The season ends with a bang, albeit a quiet one. There’s no gigantic shootout or car bombing. It boils down to a jailhouse showdown between Félix and Walt, who finally come face-to-face. The scene is absolutely riveting, just two phenomenal actors sitting across from each other, having a conversation. Does that sound familiar? Because it should.

Image via Netflix

“In every season of Narcos, we’re inspired by films we’ve seen and stories we’ve heard, and that particular scene was very much influenced by Heat, and the need to have these two adversaries sit down and face off, and to get some sense of their ideology,” said showrunner  Eric Newman, who elaborated on the final scene in an interview with Collider:

“What I think is very unique about this show [is that] at that point in the season, they’re no longer adversaries. It’s over, and they’ve both lost. Neither one of them got the thing that they wanted, and they both went into this thing very naively. Walt thinks, ‘I’m going to go down [to Mexico] and get justice. It’s that simple. We’re gonna go down there, we’re gonna kick ass, and we’re gonna win.’ And Félix Gallardo believed he was going to control this partnership he had with the government, and that he wasn’t disposable, he was a guy who had made himself so important in the economy of Mexico that he was above the law. Both guys find out that they’re wrong, and they’re having this conversation about where it’s going to go,” explained Newman, who gave credit to both Luna and McNairy, saying their performances were “spectacular.”

What he loves most about Walt is his determination, and his drive for justice. “Scoot’s character know that Gallardo is right, and he’s still not going anywhere. It’s such a great metaphor for American foreign policy, particularly in the war on the drugs, where we continue to fail, and yet we continue to proceed in the same direction. ‘You can tell me I’m wrong, and I’ll agree with you, but this is the path I’m on.’ So that scene, for us, really kind of brought this season home,” said Newman.

Image via Netflix

Collider’s EIC Steve Weintraub handled the interview, and Newman seemed to agree with Steve when he said it seems like “the shit is gonna hit the fan next season.”

“It’s very much an acceleration into chaos, but we’re still in the early days of it,” said Newman. “Félix Gallardo going to jail, and the splintering of this thing he had built into these fiefdoms, was the beginning of the first incredibly violent chapter of the drug war. [We’re] heading into the ’90s, where it gets really ugly, because that thing that held everybody together, which was Félix Gallardo and his dream, is gone, and so the killing starts,” the EP said, indicating more bloodshed and a higher body count next season, should Netflix renew the series.
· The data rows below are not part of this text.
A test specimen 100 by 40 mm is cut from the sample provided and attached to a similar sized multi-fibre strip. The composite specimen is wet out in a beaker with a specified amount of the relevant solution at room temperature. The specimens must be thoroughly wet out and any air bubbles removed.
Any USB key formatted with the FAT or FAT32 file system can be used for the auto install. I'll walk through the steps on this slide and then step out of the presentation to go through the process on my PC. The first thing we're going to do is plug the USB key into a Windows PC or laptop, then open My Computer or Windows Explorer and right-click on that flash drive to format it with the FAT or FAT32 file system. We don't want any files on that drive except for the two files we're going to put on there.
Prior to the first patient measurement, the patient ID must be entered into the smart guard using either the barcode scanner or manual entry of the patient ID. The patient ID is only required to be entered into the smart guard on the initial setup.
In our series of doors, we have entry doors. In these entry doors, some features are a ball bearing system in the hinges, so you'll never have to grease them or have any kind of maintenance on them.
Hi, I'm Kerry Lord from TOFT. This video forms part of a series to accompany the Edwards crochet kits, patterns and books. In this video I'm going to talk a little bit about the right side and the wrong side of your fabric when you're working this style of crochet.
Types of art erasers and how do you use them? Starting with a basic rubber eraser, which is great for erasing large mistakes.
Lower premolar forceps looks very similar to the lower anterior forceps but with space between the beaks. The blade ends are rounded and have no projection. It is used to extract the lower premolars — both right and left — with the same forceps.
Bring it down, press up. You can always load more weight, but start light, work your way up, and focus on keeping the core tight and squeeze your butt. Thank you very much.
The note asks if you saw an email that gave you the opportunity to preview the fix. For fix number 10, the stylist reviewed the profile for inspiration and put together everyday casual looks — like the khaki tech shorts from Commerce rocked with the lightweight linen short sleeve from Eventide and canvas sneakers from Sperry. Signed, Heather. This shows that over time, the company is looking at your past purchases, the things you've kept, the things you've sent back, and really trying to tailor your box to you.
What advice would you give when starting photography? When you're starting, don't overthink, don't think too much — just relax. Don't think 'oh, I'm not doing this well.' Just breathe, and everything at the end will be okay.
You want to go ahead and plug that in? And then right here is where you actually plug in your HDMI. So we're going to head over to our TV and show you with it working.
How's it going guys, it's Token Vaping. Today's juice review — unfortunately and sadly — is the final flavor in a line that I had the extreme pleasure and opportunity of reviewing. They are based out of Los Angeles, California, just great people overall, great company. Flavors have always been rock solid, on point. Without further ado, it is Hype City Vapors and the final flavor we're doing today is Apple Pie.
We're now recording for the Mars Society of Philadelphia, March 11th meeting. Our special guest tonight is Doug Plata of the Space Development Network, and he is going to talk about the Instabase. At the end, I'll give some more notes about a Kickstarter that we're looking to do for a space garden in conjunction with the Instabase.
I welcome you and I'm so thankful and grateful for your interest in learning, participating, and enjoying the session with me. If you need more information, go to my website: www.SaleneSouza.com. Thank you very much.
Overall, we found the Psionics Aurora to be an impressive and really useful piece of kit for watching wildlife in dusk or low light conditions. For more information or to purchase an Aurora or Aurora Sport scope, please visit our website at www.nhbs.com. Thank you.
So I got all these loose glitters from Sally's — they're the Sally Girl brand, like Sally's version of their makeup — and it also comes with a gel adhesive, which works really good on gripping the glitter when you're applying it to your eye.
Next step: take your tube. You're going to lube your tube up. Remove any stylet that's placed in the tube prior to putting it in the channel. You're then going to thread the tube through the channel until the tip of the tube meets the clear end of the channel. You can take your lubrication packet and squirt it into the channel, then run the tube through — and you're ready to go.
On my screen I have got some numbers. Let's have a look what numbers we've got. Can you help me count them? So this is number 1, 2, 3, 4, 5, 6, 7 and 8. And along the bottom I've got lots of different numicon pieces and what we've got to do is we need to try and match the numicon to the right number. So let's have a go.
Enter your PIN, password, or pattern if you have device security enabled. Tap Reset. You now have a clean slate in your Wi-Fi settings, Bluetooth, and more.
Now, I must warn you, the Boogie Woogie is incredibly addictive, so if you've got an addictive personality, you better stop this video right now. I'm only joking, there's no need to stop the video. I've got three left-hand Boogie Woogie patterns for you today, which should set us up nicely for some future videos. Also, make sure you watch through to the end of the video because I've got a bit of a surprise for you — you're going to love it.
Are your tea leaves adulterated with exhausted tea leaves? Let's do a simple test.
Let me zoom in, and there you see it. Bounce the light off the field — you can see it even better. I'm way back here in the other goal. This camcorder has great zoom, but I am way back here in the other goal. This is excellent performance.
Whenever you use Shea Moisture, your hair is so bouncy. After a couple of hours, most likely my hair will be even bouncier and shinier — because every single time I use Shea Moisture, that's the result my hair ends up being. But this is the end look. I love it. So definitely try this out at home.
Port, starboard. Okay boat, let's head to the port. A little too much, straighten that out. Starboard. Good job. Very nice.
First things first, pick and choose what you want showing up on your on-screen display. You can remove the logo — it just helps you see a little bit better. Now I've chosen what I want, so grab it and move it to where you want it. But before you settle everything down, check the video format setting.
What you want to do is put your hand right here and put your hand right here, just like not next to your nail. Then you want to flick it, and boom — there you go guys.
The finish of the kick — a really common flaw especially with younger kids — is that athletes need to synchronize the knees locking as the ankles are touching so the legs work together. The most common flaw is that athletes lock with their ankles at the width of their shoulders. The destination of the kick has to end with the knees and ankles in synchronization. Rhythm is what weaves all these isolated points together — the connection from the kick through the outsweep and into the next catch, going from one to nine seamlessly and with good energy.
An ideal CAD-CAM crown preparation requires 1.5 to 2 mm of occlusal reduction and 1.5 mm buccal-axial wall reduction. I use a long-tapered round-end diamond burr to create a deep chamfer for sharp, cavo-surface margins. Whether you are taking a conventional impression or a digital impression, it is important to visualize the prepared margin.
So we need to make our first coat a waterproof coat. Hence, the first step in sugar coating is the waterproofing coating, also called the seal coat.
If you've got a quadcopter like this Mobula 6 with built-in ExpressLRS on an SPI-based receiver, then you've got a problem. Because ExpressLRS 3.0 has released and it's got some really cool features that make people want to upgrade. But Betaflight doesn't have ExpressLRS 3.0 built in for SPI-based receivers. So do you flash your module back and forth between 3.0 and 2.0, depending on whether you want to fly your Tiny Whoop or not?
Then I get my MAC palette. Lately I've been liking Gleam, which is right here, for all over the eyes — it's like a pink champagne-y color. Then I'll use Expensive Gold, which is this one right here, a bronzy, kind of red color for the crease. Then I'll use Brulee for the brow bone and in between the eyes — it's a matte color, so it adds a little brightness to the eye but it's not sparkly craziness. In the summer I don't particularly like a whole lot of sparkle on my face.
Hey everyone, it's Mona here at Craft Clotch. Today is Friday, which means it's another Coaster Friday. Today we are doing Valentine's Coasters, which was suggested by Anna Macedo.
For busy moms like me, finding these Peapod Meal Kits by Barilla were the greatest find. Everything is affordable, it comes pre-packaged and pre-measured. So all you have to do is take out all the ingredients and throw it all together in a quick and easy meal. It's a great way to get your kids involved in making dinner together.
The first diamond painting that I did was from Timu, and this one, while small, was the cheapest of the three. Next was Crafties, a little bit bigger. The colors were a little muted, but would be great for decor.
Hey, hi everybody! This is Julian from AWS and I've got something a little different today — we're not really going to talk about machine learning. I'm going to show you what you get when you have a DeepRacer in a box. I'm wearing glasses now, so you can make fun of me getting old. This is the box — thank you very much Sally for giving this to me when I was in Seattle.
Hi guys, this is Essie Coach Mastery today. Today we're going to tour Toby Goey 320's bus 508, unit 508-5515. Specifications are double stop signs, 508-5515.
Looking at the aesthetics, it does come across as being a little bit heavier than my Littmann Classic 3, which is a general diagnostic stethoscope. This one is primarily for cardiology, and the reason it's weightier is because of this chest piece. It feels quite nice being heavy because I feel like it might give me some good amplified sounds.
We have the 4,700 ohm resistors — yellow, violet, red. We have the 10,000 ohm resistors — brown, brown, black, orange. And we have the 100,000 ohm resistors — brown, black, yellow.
“You look at today and what’s going on, it’s many of the same guys, the same old guard cartel guys,” said Newman. “The Sinaloa cartel, the Juarez cartel, the Gulf cartel, the Arellano-Félix cartel in Tijuana and remnants of these other cartels, are waging war against a new generation of cartels that are incredible violent and have none of the code. They’re truly characterized only by their propensity of violence. It’s the only move they have. As we watch this happen, we’re rooting for the old guys to win. Because the reality of the new generation, be it the Jalisco cartel or Los Zetas or any of these groups, they are just about bodies hanging from telephone poles. But this season, Season 2 of Mexico, is really where we reach that point of no return and then go hurtling off into chaos,” he warned.

I can’t wait to follow Narcos on that journey, and see where it takes Agent Breslin. For now, Félix Gallardo is behind bars on the show, though it’s unclear whether that’s a good thing or a bad thing for those on both sides of the law.